This week somebody slid two little brown envelopes under the church door. Inside the two envelopes were two identical notes containing a much-photocopied anonymous handwritten note. (My thoughts of a generous donation were dashed. ) It is a poem and this is what it says:


When Jesus came to Glasgow,
they simply passed him by.
They never hurt a Hair of him,
They only let him Die.

For men have grown more tender
and they would not give him pain.
They only just passed down the Street
and left him in the Rain.

Still Jesus cried, Forgive them
for they know not what they do
and still it rained the Wintry Rain,
that drenched him through and through.

The Crowd went Home, and Jesus
crouched and left the streets
Without a Soul to see,
Against a wall and cried for Calvary.

Well, what do we think of that then? It does have the word ‘OBAN’ written in the top corner underlined twice. Did it come from there? And why was it delivered to me in Falkirk when clearly it is meant for someone in Glasgow?

Tis today’s mystery.

5 thoughts on “Indifference

  1. Simplistic – true that some are indifferent, but not that all are. Jesus did not die because people are cruel, but because they could not face the stirring up he did – this poem suggests to me that the writer has a very imperfect understanding of the forces that lead to the crucifixion. I’ve seen it (rather often) before. It sounds like a cry for help.

    But there is a germ of truth in it. A good deal of suffering gets ignored.

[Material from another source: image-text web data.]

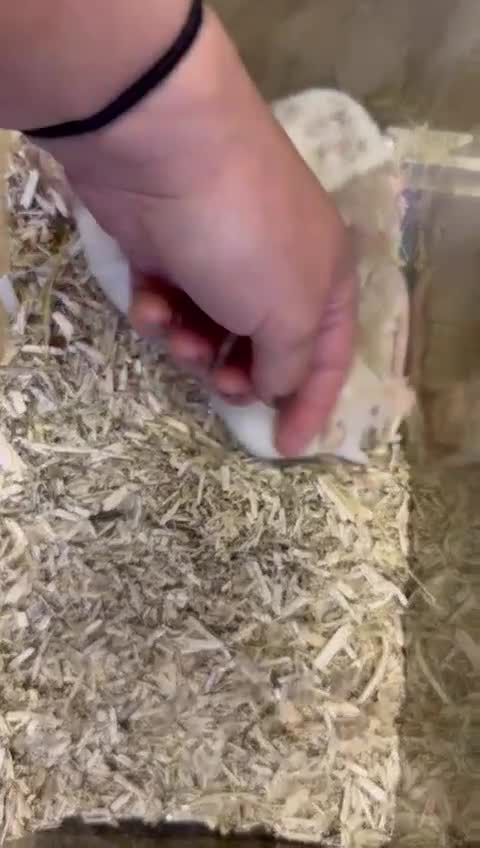 Rat rodents for sale: Beautiful baby rats, full size and dwarf for sale. - Video 1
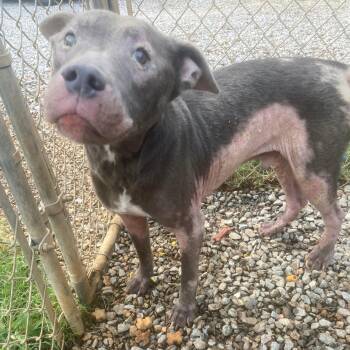 Hiccup -  Pit Bull Terrier Dog for Adoption in Columbia, South Carolina - Hiccup | PetCurious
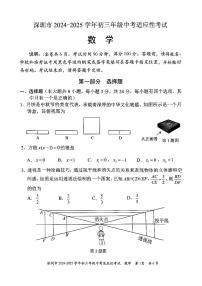 2024-2025学年深圳市初三中考适应性考试数学试卷含答案
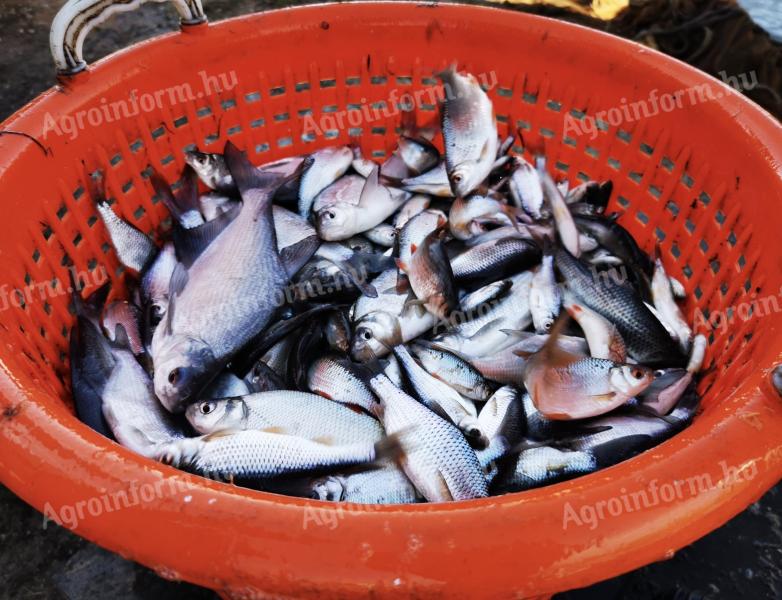 Csukát és keszeget keresek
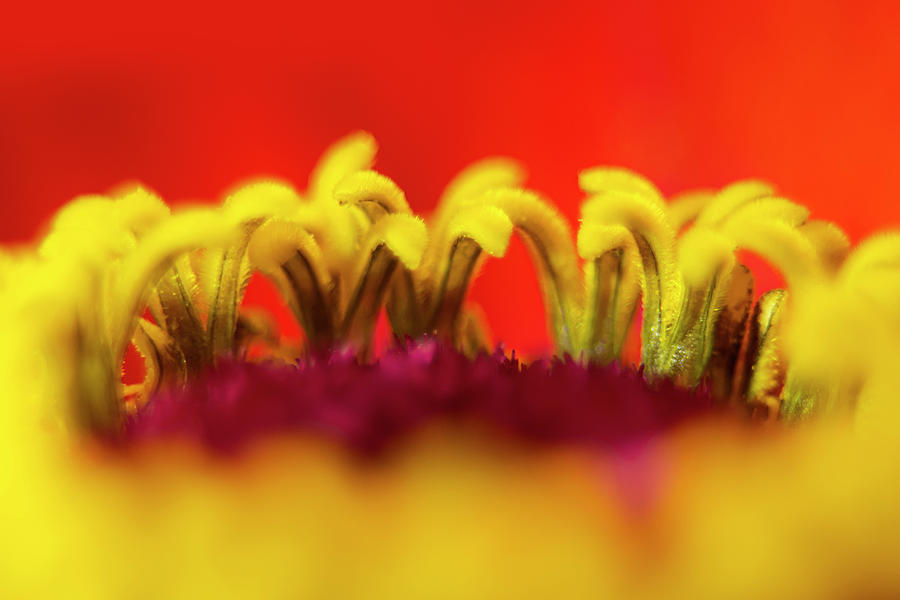 Bold Abstract Colors Center of a Flower Photograph by Sandra Js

  2. I think Studdert Kennedy knew the forces that led to the Crucifixion all too well….. and do look, Rosemary, at Kenneth Leech’s consideration of this poem in ‘We Preach Christ Crucified’.

  3. This is the original by Geoffrey Studdert Kennedy (1883-1929) – published in his Collected Poetry, “The Unutterable Beauty.” It’s Birmingham that takes the honours rather than Glasgow – but of course it could be true anywhere.

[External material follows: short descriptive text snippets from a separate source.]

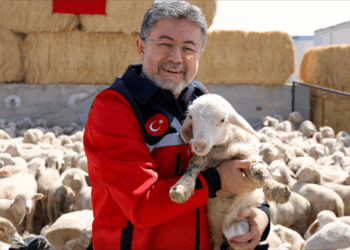 Kırsalda Bereket Küçükbaşa Destek Projesi ile yıllık 180 bin lira destek verilecek Kırsalda Bereket Küçükbaşa Destek Projesi ile yıllık 180 bin lira destek verilecek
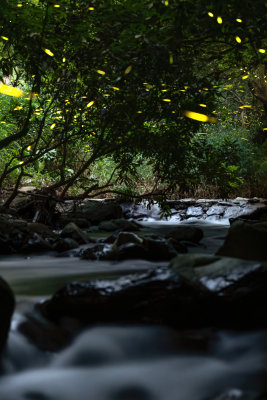 广东清远山林自然生态夏夜精灵萤火虫溪流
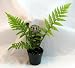 Australian Tree Fern - Cyathea cooperi - Exotic - 3" Pot Australian Tree Fern - Cyathea cooperi - Exotic - 3" Pot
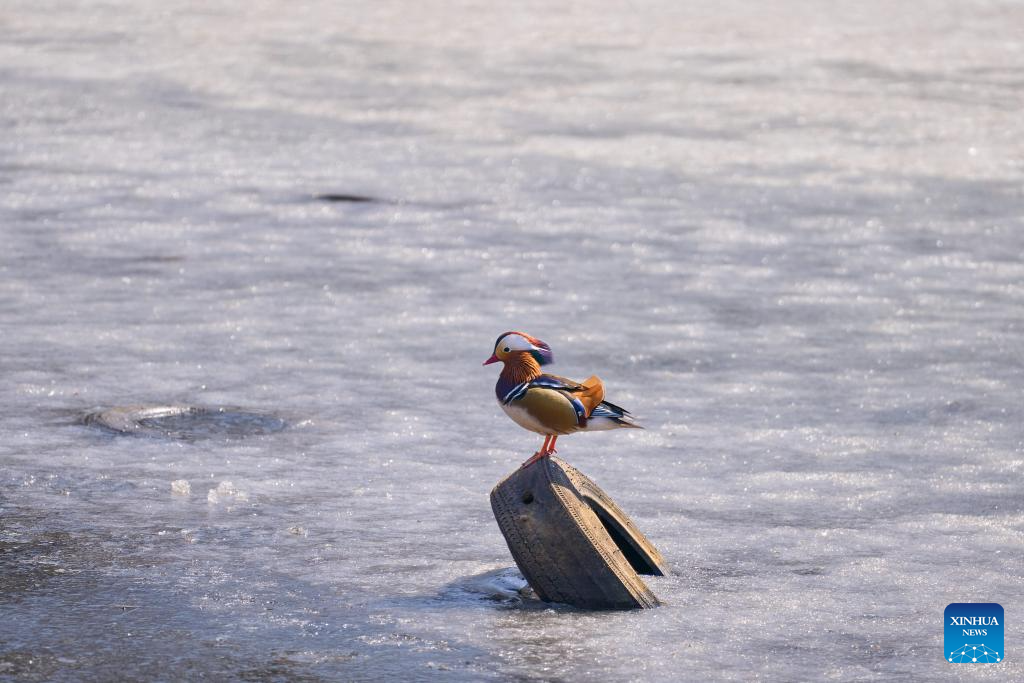 Mandarin duck seen at outskirts of Vladivostok, Russia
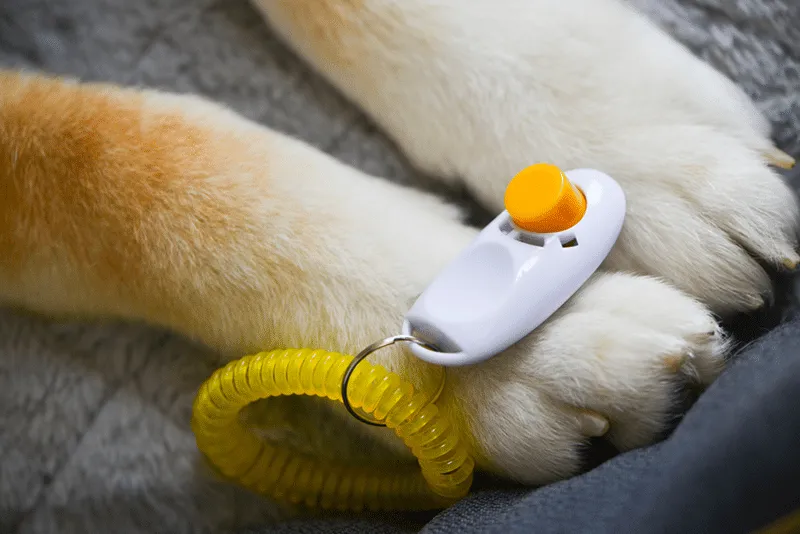 Clicker training with white paws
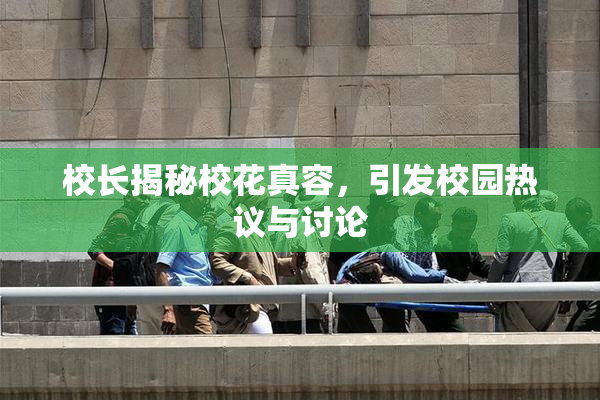 校长揭秘校花真容，引发校园热议与讨论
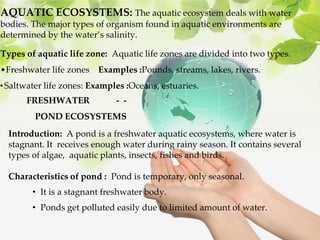 AQUATIC ECOSYSTEMS: The aquatic ecosystem deals with water
bodies. The major types of organism found in aquatic environments are
determined by the water’s salinity.
Types of aquatic life zone: Aquatic life zones are divided into two types.
•Freshwater life zones Examples :Pounds, streams, lakes, rivers.
•Saltwater life zones: Examples :Oceans, estuaries.
FRESHWATER - -
POND ECOSYSTEMS
Introduction: A pond is a freshwater aquatic ecosystems, where water is
stagnant. It receives enough water during rainy season. It contains several
types of algae, aquatic plants, insects, fishes and birds.
Characteristics of pond : Pond is temporary, only seasonal.
• It is a stagnant freshwater body.
• Ponds get polluted easily due to limited amount of water.
 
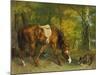 Pferd Im Walde, 1863-Gustave Courbet-Mounted Giclee Print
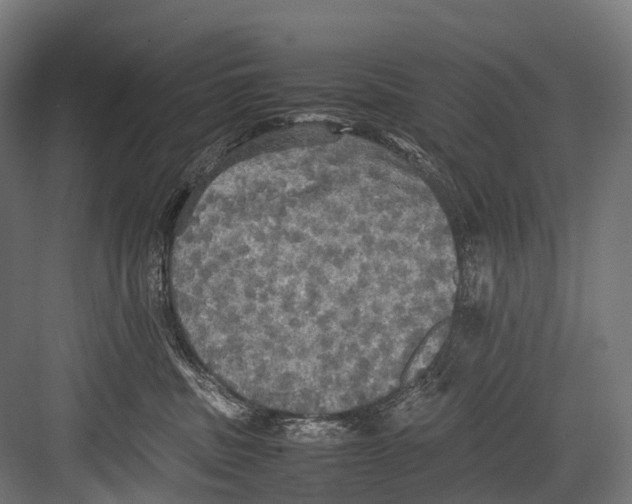 X0000081590379200702121520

    When Jesus came to Golgotha they hanged Him on a tree,
    They drave great nails through hands and feet, and made a Calvary;
    They crowned Him with a crown of thorns, red were His wounds and deep,
    For those were crude and cruel days, and human flesh was cheap.

    When Jesus came to Birmingham they simply passed Him by,
    They never hurt a hair of Him, they only let Him die;
    For men had grown more tender, and they would not give Him pain,
    They only just passed down the street, and left Him in the rain.

    Still Jesus cried, “Forgive them, for they know not what they do,”
    And still it rained the wintry rain that drenched Him through and through;
    The crowds went home and left the streets without a soul to see,
    And Jesus crouched against a wall and cried for Calvary.

  4. Woodbine Willie – a great man. Didn’t know it was him. I still don’t much like it though – which is no disrespect to Kennedy. I don’t think that, over all, this poem takes account of just how obnoxious Jesus, the real historical Jesus, made himself. In as far as the point is that neglect and disparagement are a terrible pain, it is fair enough. But Jesus was crucified for challenging too many in ways too obvious – and that kind of thing never gets ignored.

  5. The writer seems to me to be saying that being ignored is more hurtful than being confronted, as I know someone who has deliberately ignored me to be hurtful I can agree with him.